Students from colleges and independent training providers will be able to read the Financial Times for free, despite the offer for 16 to 19-year-olds initially only appearing to be available for secondary schools.
The FT this week advertised a scheme, sponsored by Lloyd’s Bank, for “secondary schools” with sixth-forms to register for free subscriptions starting in September.
Standard FT subscriptions cost £5.35 per week, so access to the paper for free will save each student over £278.20 each year.
But the advert for the scheme, first unveiled yesterday for 16 to 19-year-olds, only invited secondary schools to register.
FE Week checked with the FT if the scheme would extend to FE colleges and ITPs with students in this age range, which a spokesperson confirmed it would.
She added that it would be open to 16 to 19-year-olds on any course, including A-levels, BTecs and apprenticeships.
The spokesperson then told FE Week: “We hope that many FE providers take up this opportunity for the benefit of their 16 to 19 year old students.”

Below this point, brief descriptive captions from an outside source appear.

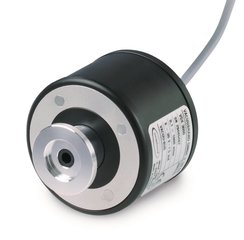 Replacement/additional pressure, transducer VSK 3000, 1 unit(s)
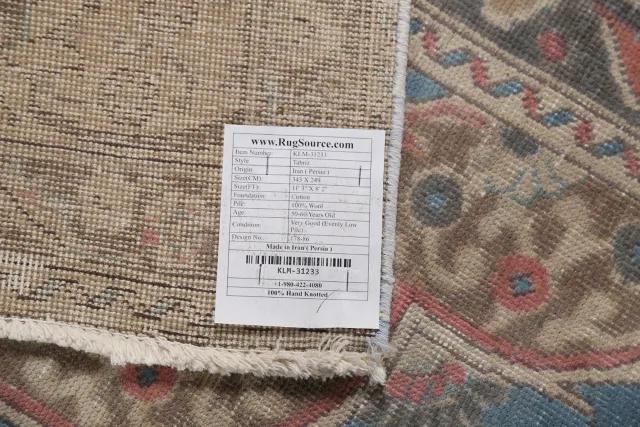 https://image-static-obj.rugsource.com/small/128613_2546815_22014c74.jpeg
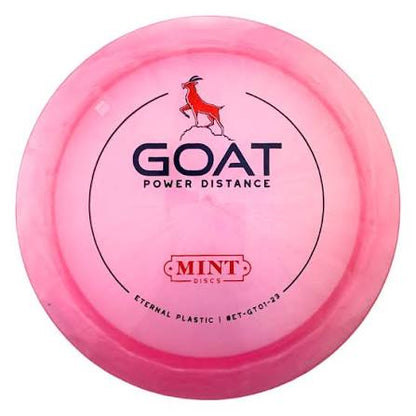Goat 12|4|0|4
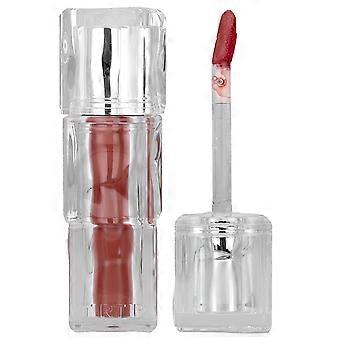 TIRTIR, Waterism Glow Tint, 03 Sand Mond, 0.14 oz (4 g), 2-Pack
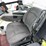 oxbo-4103-dry-applicator-image-29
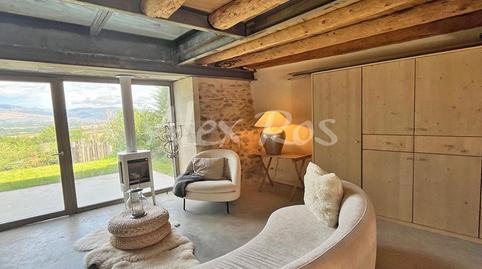 Photo 4 of House or chalet for sale in Major, Fontanals de Cerdanya, Girona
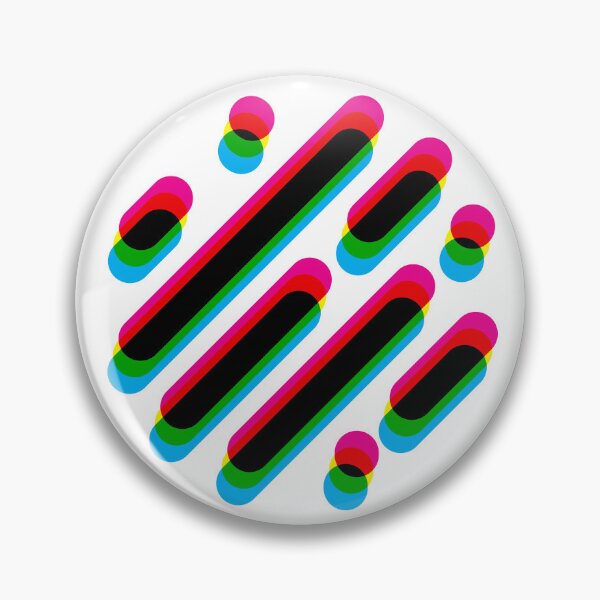 Item preview, Stereovision designed and sold by ps-tees.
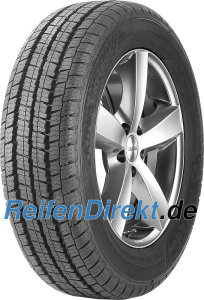 Matador MPS125 Variant All Weather ( 175/65 R14C 90/88T 6PR ) von Matador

The initiative will not be available to learners aged over 19, but the FT will offer “solutions” to older students seeking access to the website, for example through discounted subscription rates.
Each college, training provider and school which signs up to the scheme will be given its own unique login which can then be shared with each student at the institution.

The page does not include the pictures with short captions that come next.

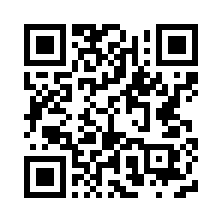 QR Code for 1AFT8STuYfXxJD2Kh4dZKha1LK6SYUXh48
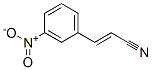 3-(3-)-ϩY(ji)(gu)ʽ_31145-08-1Y(ji)(gu)ʽ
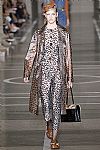 2017 Spring Summer', 'Christopher Kane', 'Full Length', 'KANE_WCFS17_040.jpg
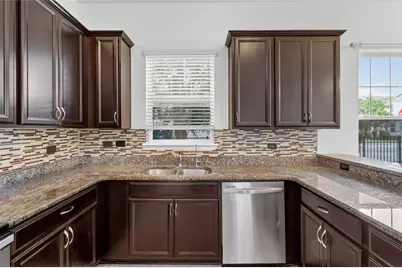 8266 Bryce Canyon Avenue, Windermere, FL 34786 - Photo 15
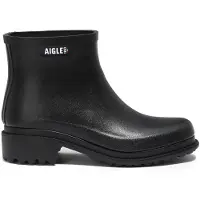 Aigle R111k Gummistøvler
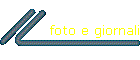 foto e giornali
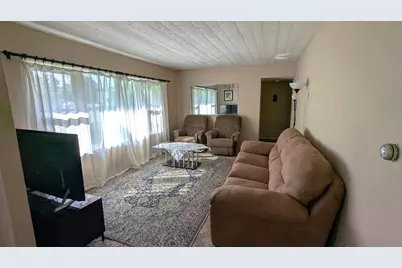 69845 S Nottawa Road, Sturgis, MI 49091 - Photo 5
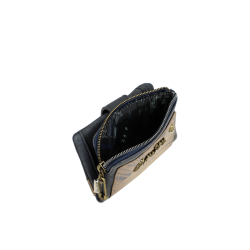 ANEKKE: BILLETERO PEQUEÑO FLEXIBLE RFID STUDIO 41849-910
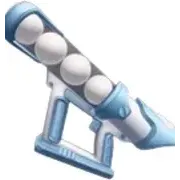 snowcannon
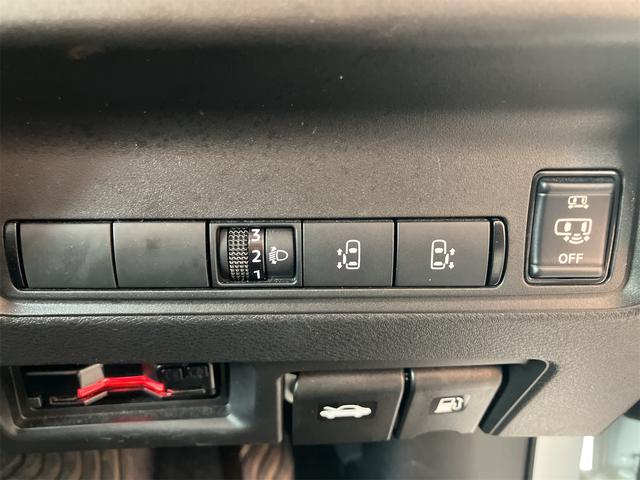 セレナ e-パワー ハイウェイスターV ドライブレコーダー ETC 全周囲カメラ ナビ クリアランスソナー オートクルーズコントロール 衝突被害軽減システム 両側電動スライドドア オートマチックハイビーム オートライト LEDヘッドランプ(9枚目)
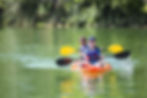 Kayak Fun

Learners and their teachers will also receive a weekly bulletin email.
The content will be chosen with a panel of teachers, who will select specific articles, videos and podcasts that they consider to be relevant.
Providers need to register for the scheme at www.ft.com/secondaryschools.

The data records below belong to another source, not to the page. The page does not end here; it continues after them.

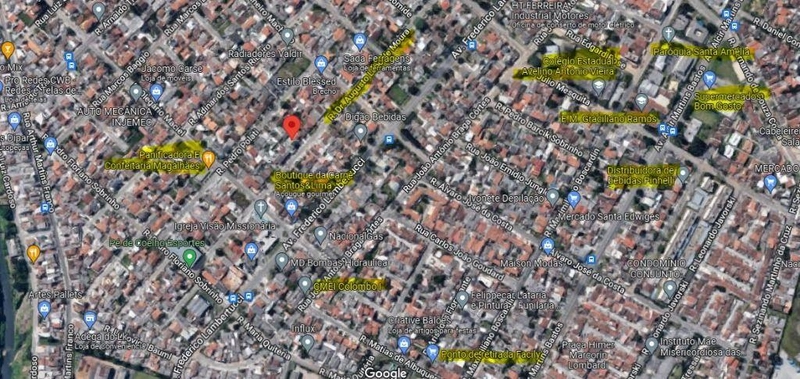 null: 6ª foto da galeria de imagens do imóvel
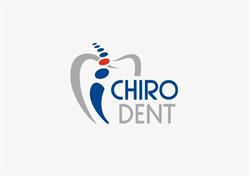 NZOZ Chirodent, Ustka godziny otwarcia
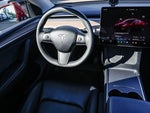 2024 Model Y Thumbnail 17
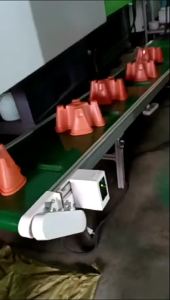 Plastic Flower Pot Three-Dimensional Multi-Layer Planting Vegetable Planting Strawberry Potted Plant Pot Balcony Vegetable Pot Creative Flower Pot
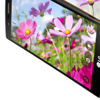 LG G4 inceleme LG G4 inceleme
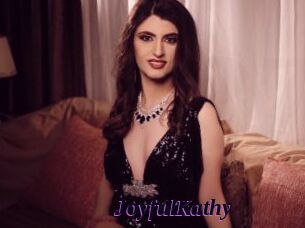 JoyfulKathy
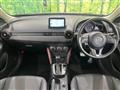 2015 Mazda CX-3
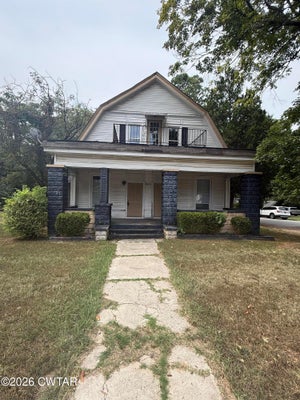 835 LAMBUTH BLVD, JACKSON, TN 38301 - Image fc5a40b5a0f5decd0a8bd064ff9b46a6/611435029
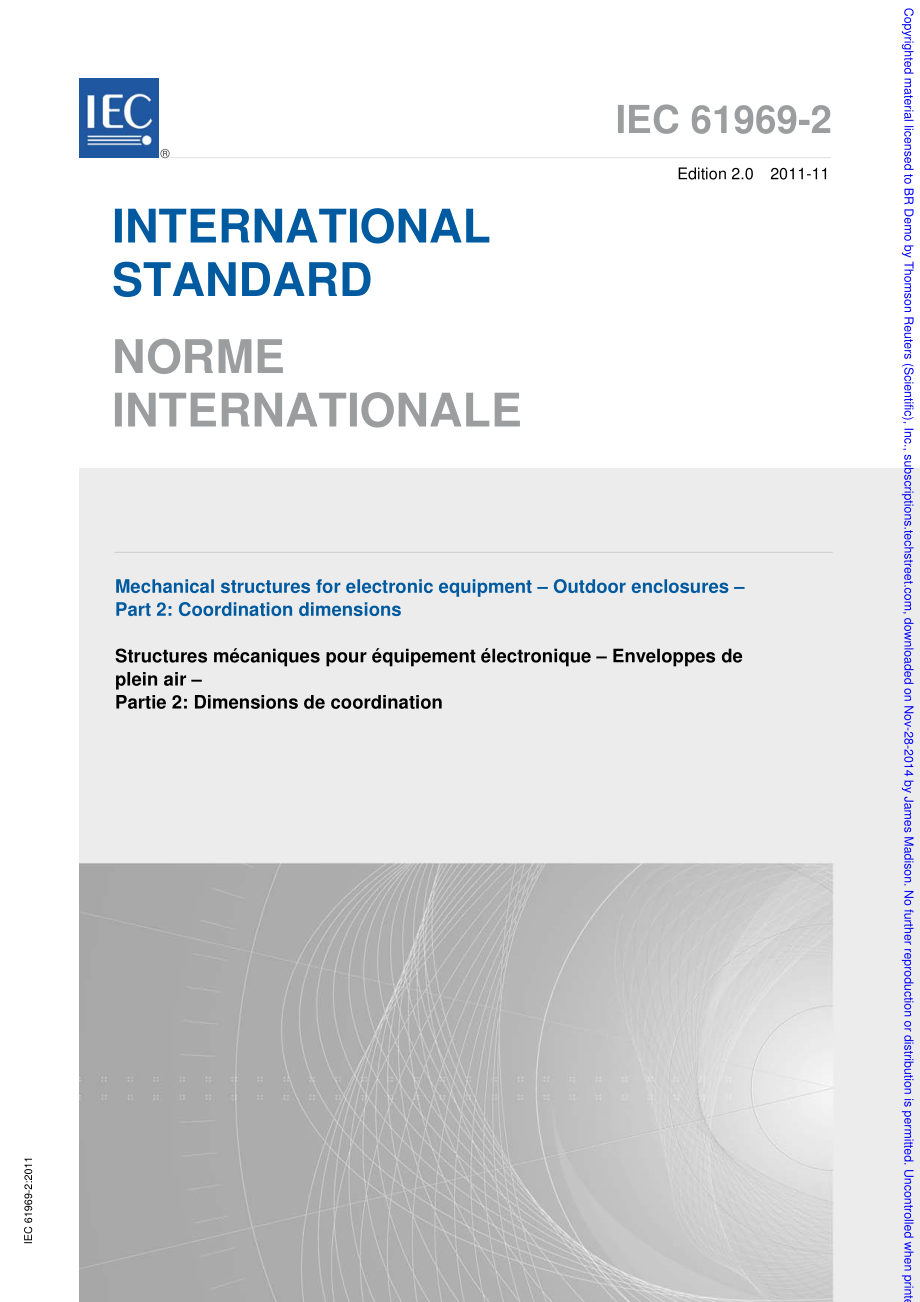 IEC_61969-2-2011.pdf_第1页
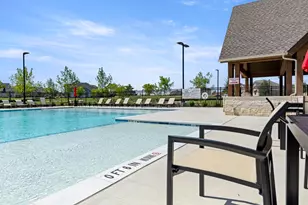 2005 Huntwick Wy, Rockwall, TX 75087 - Photo 33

Providers will have access for at least a year, and can then continue at no cost for as long as the programme lasts. The FT said it would notify providers if and when the scheme ends.
Caspar de Bono, the FT’s Business to Business managing director, said: “Universities and employers are looking for candidates that are confident about their subject, and can demonstrate a wider interest than the minimum required by the curriculum.
“A pilot initiative [with secondary schools] has shown that FT journalism can play a valuable part in building this deeper interest. We hope that an enthusiasm for FT journalism will stay with these students in their life.”